◆ EXERCISE DESCRIPTION ◆
Could you retype the lines below, starting at the line holding "Shade, Contemporary, Modern" and stopping at the line holding "SOURZ by Spinach", inclusive? Copy them exactly and drop the images.

◆ INPUT DATA ◆
Start of Block
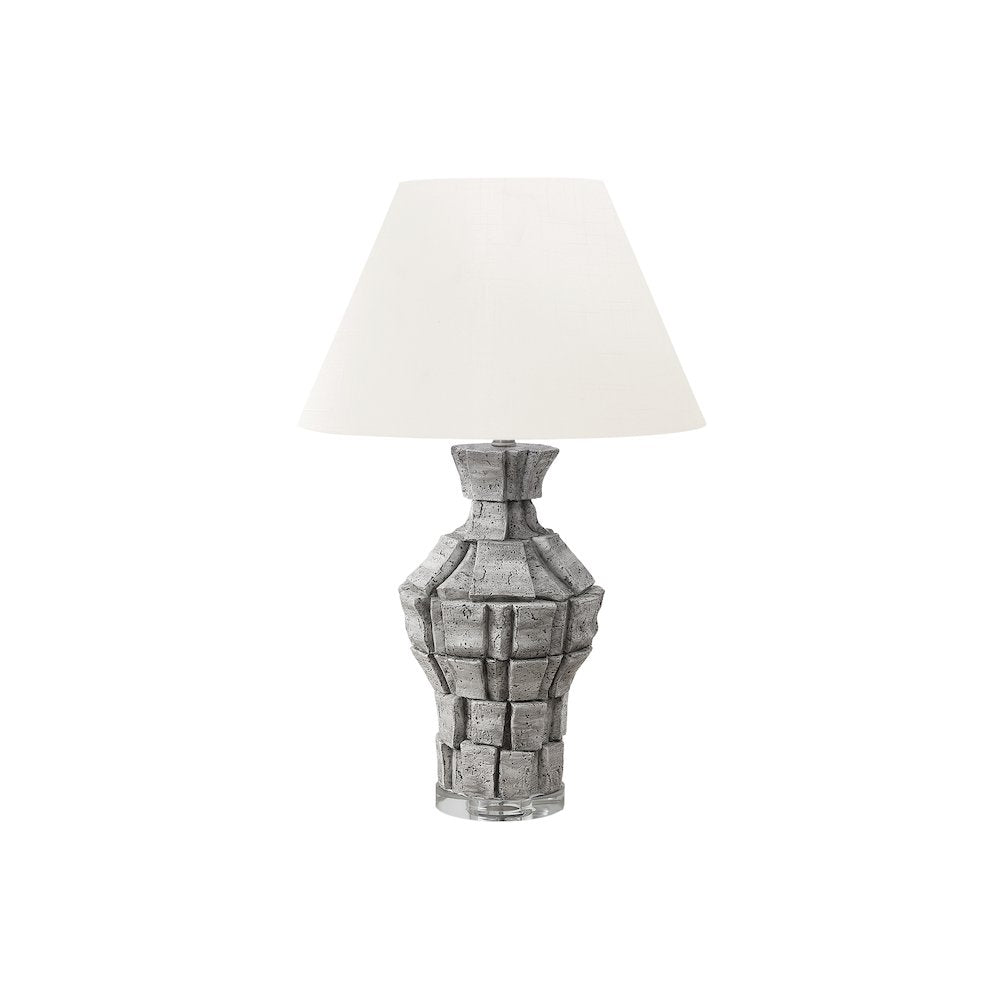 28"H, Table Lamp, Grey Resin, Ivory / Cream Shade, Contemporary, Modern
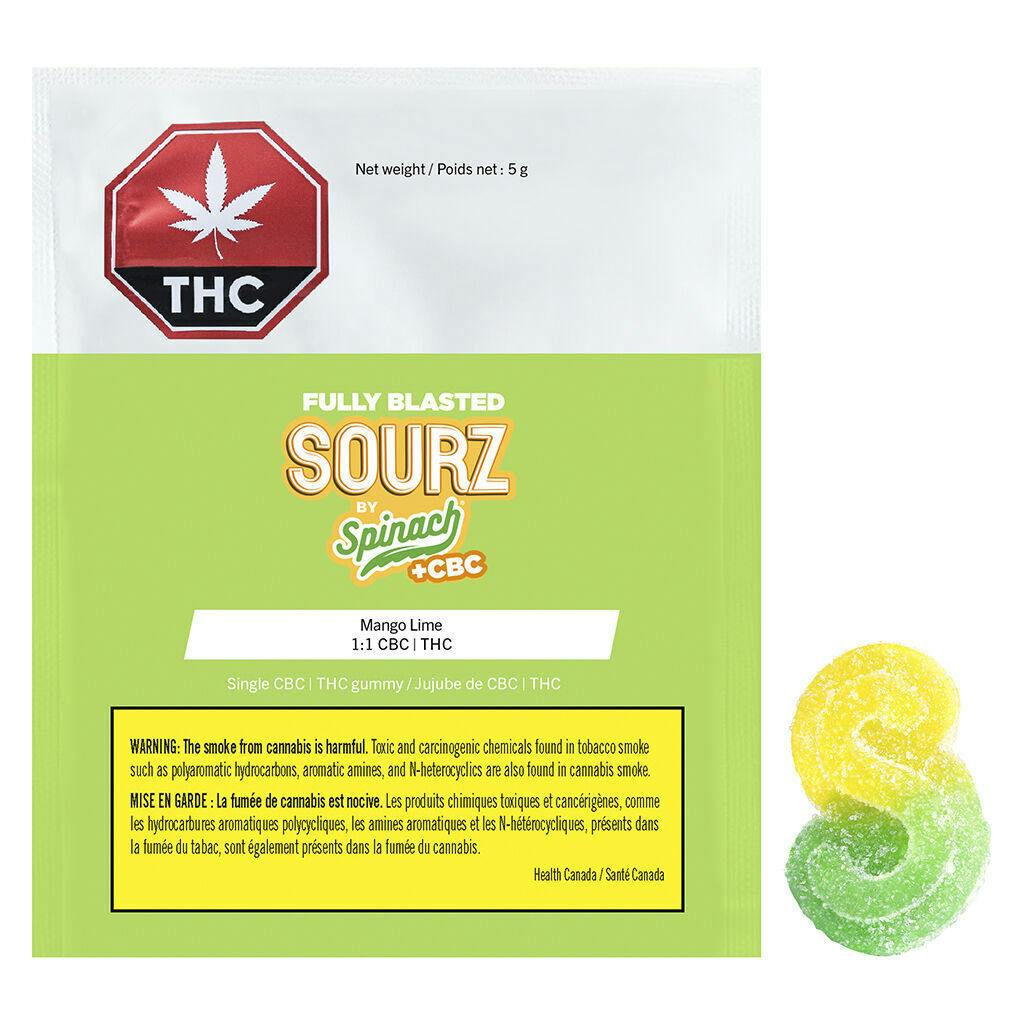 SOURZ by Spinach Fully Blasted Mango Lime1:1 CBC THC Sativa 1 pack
End of Block
Start of Block
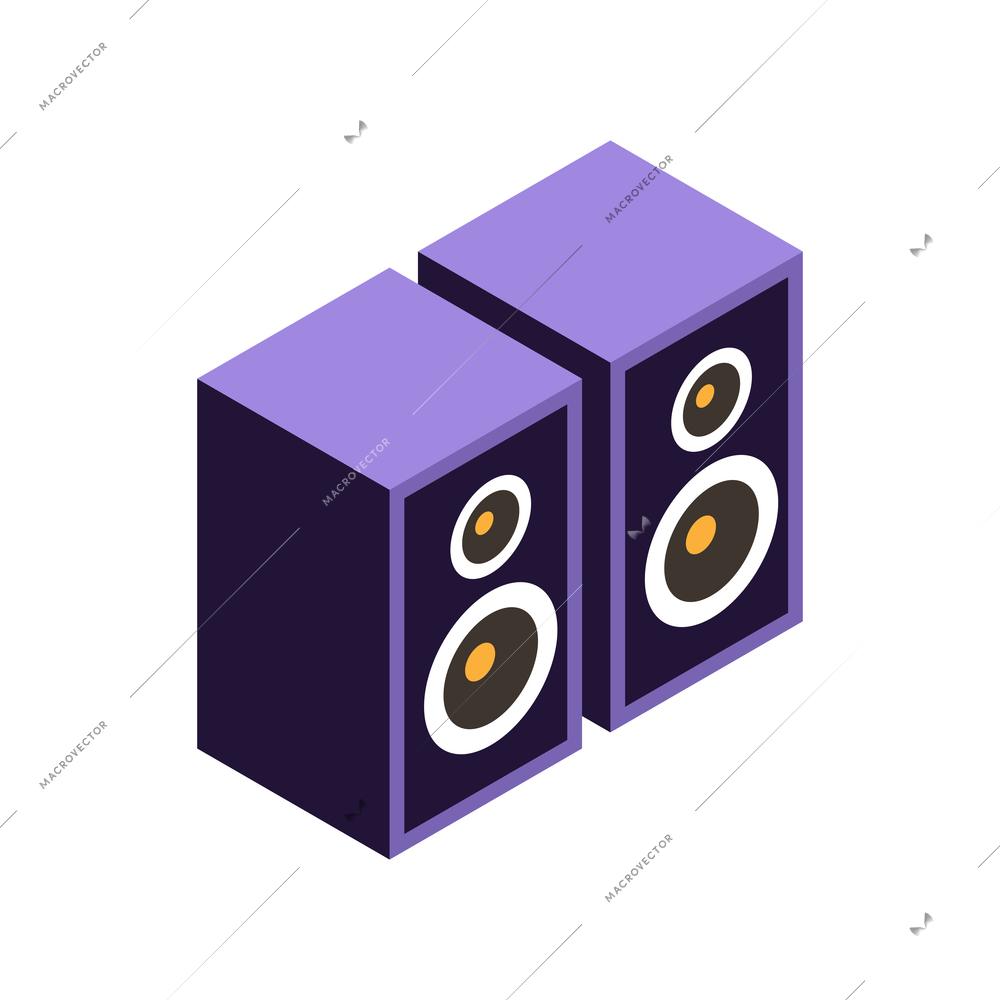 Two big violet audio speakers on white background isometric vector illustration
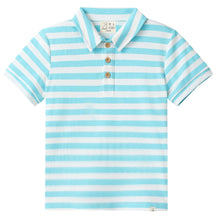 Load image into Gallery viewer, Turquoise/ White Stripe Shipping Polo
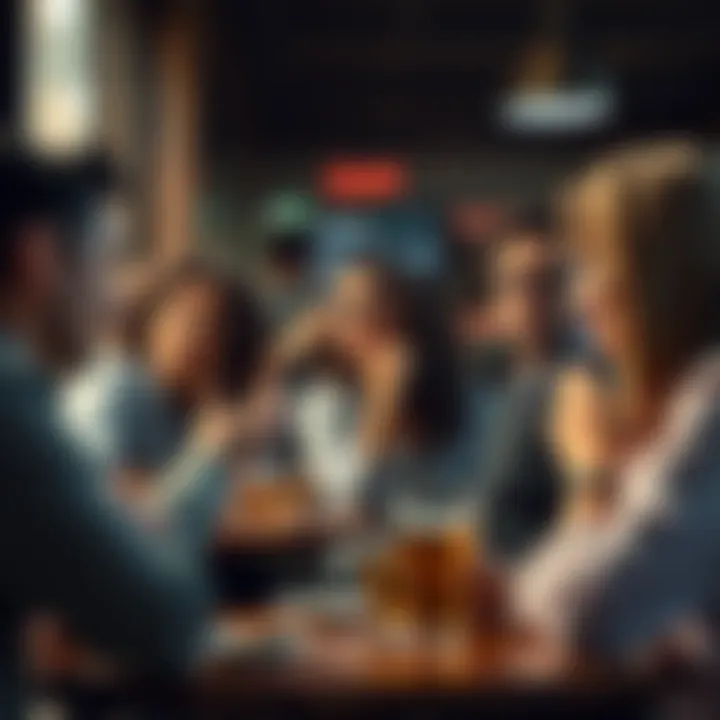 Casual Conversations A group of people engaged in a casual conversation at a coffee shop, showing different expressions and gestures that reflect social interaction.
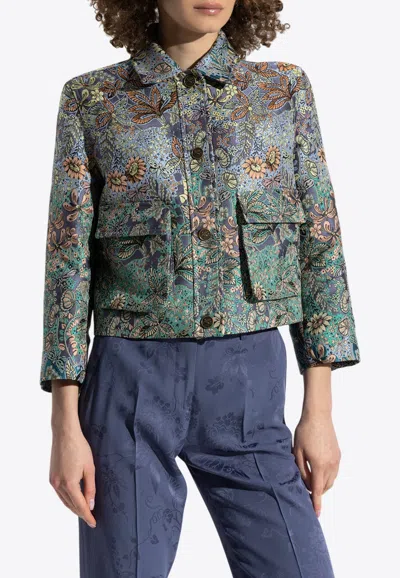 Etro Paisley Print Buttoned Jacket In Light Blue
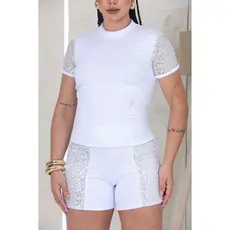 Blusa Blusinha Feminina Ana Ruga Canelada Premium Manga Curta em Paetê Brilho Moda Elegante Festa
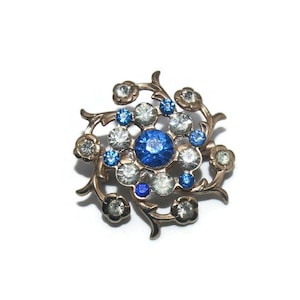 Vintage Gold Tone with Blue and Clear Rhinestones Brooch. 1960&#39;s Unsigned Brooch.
End of Block
Start of Block
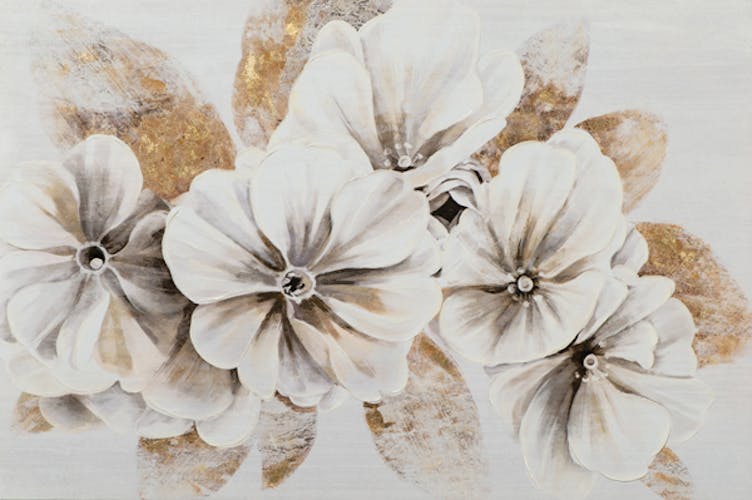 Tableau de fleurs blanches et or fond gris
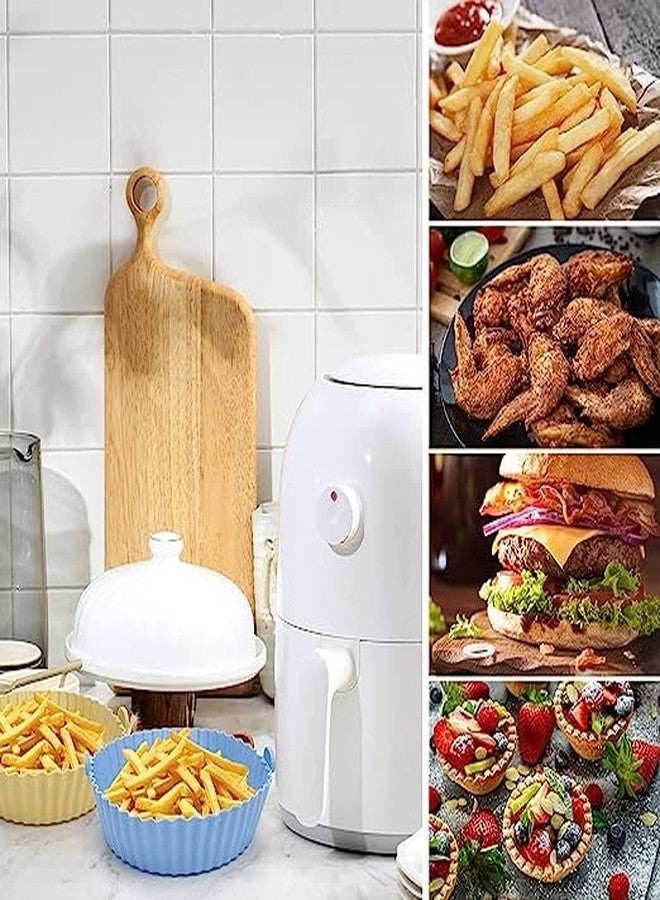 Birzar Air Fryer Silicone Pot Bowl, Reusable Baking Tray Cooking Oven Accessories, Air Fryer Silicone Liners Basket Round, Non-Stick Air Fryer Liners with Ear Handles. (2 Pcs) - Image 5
End of Block
◆ WRITTEN ANSWER ◆
 28"H, Table Lamp, Grey Resin, Ivory / Cream Shade, Contemporary, Modern
 SOURZ by Spinach Fully Blasted Mango Lime1:1 CBC THC Sativa 1 pack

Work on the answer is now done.